I am trying to implement compact operation in OpenCL. I also want to get the number of keys which fall in a particular bin. I am using atomic_inc. But I read that the global memory is very expensive for atomic_inc and that local memory can be used for it. Is there a way to use local memory better to update the keys?
__kernel void compact(__global int* inCode, __global int* isValid, __global int* Scan, __global int* outCode,__global int* numPoints, __global int* index)
int ig = get_global_id(0);
int m = isvalid[ig];
int j= Scan[ig];
int code = inCode[ig];
if(m == true)
int num = numPoints[j-1];
Actually you are not using local memory in the above code... if you declare any varialbe without any qualifiers like _global or _local , then it will be a private varialbe which is private to the thread.
Please refer opencl spec 1.2 section 6.5 Address space Qualifiers.
Yes, I am not using any local variables due to the fact that I am not sure as to how to introduce local variables in this code. For every parallel run of kernel, there is an atomic_inc updating the value. Can you guide me on the correct way of introducing local variables in the above code?
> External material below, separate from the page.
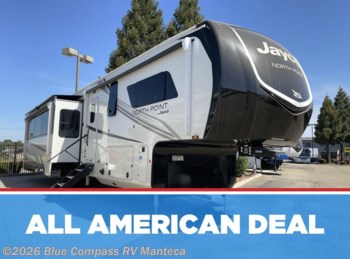 New 2026 Jayco North Point 381CKRE available in Manteca, California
So what I need to do is to keep the unique keys along with the frequency of each key and the starting index of the unique key in the inCode array.
inCode - the input of the keys
isValid - a boolean variable which decides if the key is unique
Scan - the prefix scan sum of the final place of the unique keys.
outCode - output of unique keys
numPoints - frequency of each unique keys
index - output of starting index of the unique key in the inCode.
So I am checking for the true value in isValid and inputting into the outCode and the index. The frequency of the key is going to increment every time.
Hopefully this helps.
I understood what you are trying to do.. but really not able to understand with an example. Its better if you an example and explain. I am not able to assume scan array.
I am trying to code Octree on GPU. So if a set of keys, the valid elements and the Scan arrays are as:
#Keys #isValid #Scan
1000 1 0
1000 0 1
1001 1 1
1001 0 2
1001 0 2
1002 1 2
1002 0 3
1003 1 3
1004 1 4
1004 0 5
1004 0 5
1004 0 5
So by using the compact kernel, only the unique keys are kept in the positions given by the Scan arrays along with the starting index and the frequency
#uniqueKeys #numPoints #index
1000 2 0
1001 3 2
1002 2 5
1003 1 7
1004 4 8
Himanshu Gautam does this help?
For this data set of Scan the above code wont work. Because when j = 0 you will endup in accessing numPoints[-1]. This is not possible.
Whether your code is working fine?
One suggestion here i would like to give is you can make numPoints as local variable and update the values of each wg to the global memory at the end of the kernel. Keep the barrier before updating the global memory so that all the thread would have updated their values in the local array. Also to create local array you must know the size of it. So you should pass it as build option or you can even hardcode it. Rest everything can be global because you will be accessing it only once.